Deciding on the food was a whole other matter altogether. We wanted everything on the menu. The waitress recommended the Salmon to start, and told us how lucky it is if you find a bullet in your partridge main. Crossing our fingers for a bullet in our bird, we finalised our dishes and settled in, chatting away. After a few minutes our waitress brought over some warm bread served with roasted garlic, rosemary and thyme oil. It was the perfect start to the meal. One of the ways to know if you’re in a great restaurant is the bread, if they do bread this well, we could only imagine how delicious the rest of our meal was going to be.
Next up was the starter, we decided to halve everything and swap over our dishes so we could get a taste of all the food. The starters arrived promptly, and in front of me was my choice, a bread and butter pudding. Bot not just any bread and butter pudding (say it M&S style), but a Mull of Kintyre cheddar and onion bread and butter pudding with mushroom ketchup and pine salt. It was delicious. It tasted earthy and fresh and the mushrooms adorning the top were sliced beautifully (almost wanted to ask where they got their kitchen knives from, but it just wasn’t the time and place…) and in terms of presentation, the dish looked like a woodland forest floor (in a good way) atop the bread and butter pud.
The recommendation of the salmon to start went down really well with us. This was no slimy smoked or cured salmon, this was a scorched Douglas fir cured salmon, pink grapefruit puree, and cucumber. The pink grapefruit puree was deliciously tart and offset the other classic salmon pairing of cucumber and salmon perfectly. After we’d essentially licked our plates clean, the waitress cleared our plates and soon came and gave us an in between courses palate cleanser. We had a pumpkin velouté (I think…) with sage oil and cashews and although this was gone in a matter of seconds, we will certainly remember this forever. Holy smokes. We could just tell the ingredients were so fresh and amazing quality.
For the mains we ordered the Ayrshire partridge with barley, parsnip, wild mushroom and tarragon jus and also the fried potato gnocchi with butternut squash, wild mushroom, sage, and onions. I tried the partridge first and the meat was melt in your mouth smooth, sadly there was no lucky bullet in the bird, but I felt pretty lucky already with the perfectly cooked barley and the sweet roasted parsnips which helped me mop up the jus. Then it was onto the gnocchi, I almost didn’t get to have any as it was almost finished by the time I got to it. Once I prized it out of my fellow diners’ cutlery, I knew why he wanted to keep it all to himself. I’ve only ever burnt sage at home when I’m cooking but this crispy, buttery sage on top of the fried gnocchi was so delicious I could have had a full bowl of it.

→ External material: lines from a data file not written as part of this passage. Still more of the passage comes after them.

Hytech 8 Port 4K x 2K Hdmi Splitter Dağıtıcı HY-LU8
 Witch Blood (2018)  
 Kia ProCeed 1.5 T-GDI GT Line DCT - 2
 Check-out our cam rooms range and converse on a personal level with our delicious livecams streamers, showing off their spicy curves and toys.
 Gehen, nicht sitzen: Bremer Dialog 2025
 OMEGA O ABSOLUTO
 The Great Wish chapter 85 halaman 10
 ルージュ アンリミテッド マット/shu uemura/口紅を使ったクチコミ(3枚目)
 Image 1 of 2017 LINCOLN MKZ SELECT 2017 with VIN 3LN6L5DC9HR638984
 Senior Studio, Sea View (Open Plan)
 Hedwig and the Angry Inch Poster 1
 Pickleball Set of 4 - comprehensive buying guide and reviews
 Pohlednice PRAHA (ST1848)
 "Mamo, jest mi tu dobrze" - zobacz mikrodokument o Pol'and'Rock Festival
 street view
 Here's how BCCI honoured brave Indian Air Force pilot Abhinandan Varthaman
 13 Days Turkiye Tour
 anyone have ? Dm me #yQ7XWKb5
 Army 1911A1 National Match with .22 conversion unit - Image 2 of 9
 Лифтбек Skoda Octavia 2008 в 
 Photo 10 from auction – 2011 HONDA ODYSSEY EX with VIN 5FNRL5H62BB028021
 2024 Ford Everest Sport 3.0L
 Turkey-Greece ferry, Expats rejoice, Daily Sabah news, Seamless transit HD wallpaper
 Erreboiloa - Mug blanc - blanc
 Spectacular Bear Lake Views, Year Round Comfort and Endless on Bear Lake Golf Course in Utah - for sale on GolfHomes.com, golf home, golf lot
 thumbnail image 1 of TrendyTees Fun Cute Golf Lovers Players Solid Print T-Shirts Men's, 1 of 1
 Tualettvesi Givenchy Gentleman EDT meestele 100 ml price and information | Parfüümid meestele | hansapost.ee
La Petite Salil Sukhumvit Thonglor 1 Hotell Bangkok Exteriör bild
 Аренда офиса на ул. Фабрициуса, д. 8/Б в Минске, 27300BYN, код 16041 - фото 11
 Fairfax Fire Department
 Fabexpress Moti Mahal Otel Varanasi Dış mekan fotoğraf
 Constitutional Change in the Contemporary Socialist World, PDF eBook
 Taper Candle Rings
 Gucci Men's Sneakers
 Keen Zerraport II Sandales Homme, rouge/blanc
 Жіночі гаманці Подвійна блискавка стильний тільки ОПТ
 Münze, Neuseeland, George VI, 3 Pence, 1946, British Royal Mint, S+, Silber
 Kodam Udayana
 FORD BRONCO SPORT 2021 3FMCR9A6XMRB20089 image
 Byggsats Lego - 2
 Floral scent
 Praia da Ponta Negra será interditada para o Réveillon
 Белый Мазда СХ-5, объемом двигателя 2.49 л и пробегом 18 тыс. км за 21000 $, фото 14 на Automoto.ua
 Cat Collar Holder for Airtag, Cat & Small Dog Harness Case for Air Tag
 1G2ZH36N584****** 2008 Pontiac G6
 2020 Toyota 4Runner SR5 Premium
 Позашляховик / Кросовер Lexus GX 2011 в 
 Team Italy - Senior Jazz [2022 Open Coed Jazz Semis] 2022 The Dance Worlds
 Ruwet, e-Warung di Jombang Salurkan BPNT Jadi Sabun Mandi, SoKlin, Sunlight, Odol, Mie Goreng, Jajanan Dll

We were stuffed but decided to go all in for dessert. The desserts we went for were the sticky toffee pudding with Caol Ila butterscotch, with vanilla ice cream and the pistachio frangipane, with meringue, brambles, and cardamom ice cream. As a STP connoisseur, this was one of the best I’ve ever had, and it was a very generous portion, which may have attributed to my food coma later that evening. The frangipane was tasty, light and subtle in flavour and completely charmed us both.